Applying common-law rules of slander, courts have determined that words are actionable per se if they meet the following criteria:

(1) Those which impute to a person the commission of some criminal offense involving moral turpitude, for which the party, if the charge is true, may be indicted and punished. (2) Those which impute that a person is infected with some contagious disease, where if the charge is true, it would exclude the party from society. (3) Those which impute to a person unfitness to perform the duties of an office or employment of profit, or want of integrity in the discharge of the duties of such an office or employment. (4) Those which prejudice such person in his or her profession or trade. All other defamatory words which, though not in themselves actionable, occasion a person special damages are actionable.

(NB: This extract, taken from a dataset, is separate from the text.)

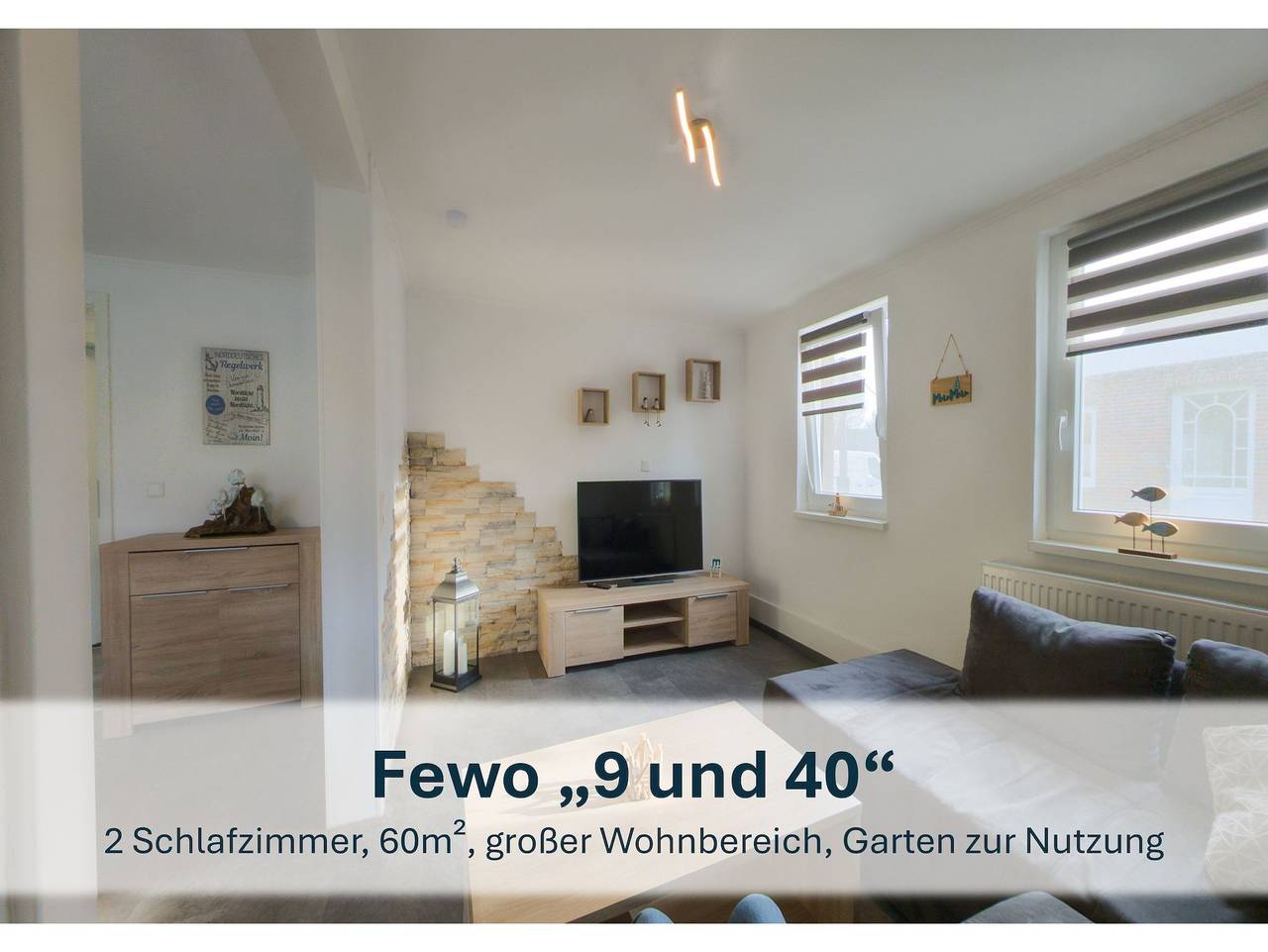 Ganze Ferienwohnung, Stedesdorf, Nordseeferienwohnung 49 - Nordseeferienwohnung 49 in Thunum, Stedesdorf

Shupe v. Rose's Stores, 213 Va. 374, 376 (1972) (citations omitted), cert. denied, 473 U.S. 905 (1985).

In Shupe, the plaintiff alleged that the defendant department store posted a notice on its cash register that no checks or credit cards were to be accepted from the plaintiff. Id. at 375. The court found that the plaintiff failed to state a cause of action because the plaintiff neither met any of the four outlined criteria nor alleged special damages. Id. at 376.

On the issue of “special damages,” the court stated in Fleming v. Moore, 221 Va. 884 (1981), that special damages are “not to be limited to pecu*95niary loss.” 221 Va. 884, 894 (1981), cert. denied, 472 U.S. 1032 (1985). Moreover, the Court held that “[t]o the extent that the language in Shape may be construed to indicate that emotional upset and embarrassment cannot constitute ‘special damages,’ it is hereby modified.” Id.

According to Fleming, the Plaintiff in the present case has alleged special damages in asserting that because her ‘‘health and education am especially subject to compromise due to a shunt in her brain and learning disabilities, [she] suffered mortification, humiliation and embarrassment ....” Motion for Judgment, para. 38. Thus, the Demurrer to the Count for insulting words is overruled.

VI. Slander

Defendants’ demurrer with respect to Count VI of the Motion for Judgment, for slander, states that there is no cause of action for alleged defamatory statements made by Defendants to Plaintiff. Clearly, the Defendant’s demurrer should be sustained on this count, as the Plaintiff’s proper cause of action for alleged defamatory statements made to the Plaintiff is subsumed by Count V for insulting words.

The Demurrer does not challenge Count Vi’s allegation of slander with respect to statements made by the Defendants to the Plaintiff’s companion at the time of the incident

VII. Conclusion

For the reasons stated, the Demurrer is overruled on Counts I through V inclusive and is sustained on Count VI, insofar as it addresses statements made by Defendants to the Plaintiff herself.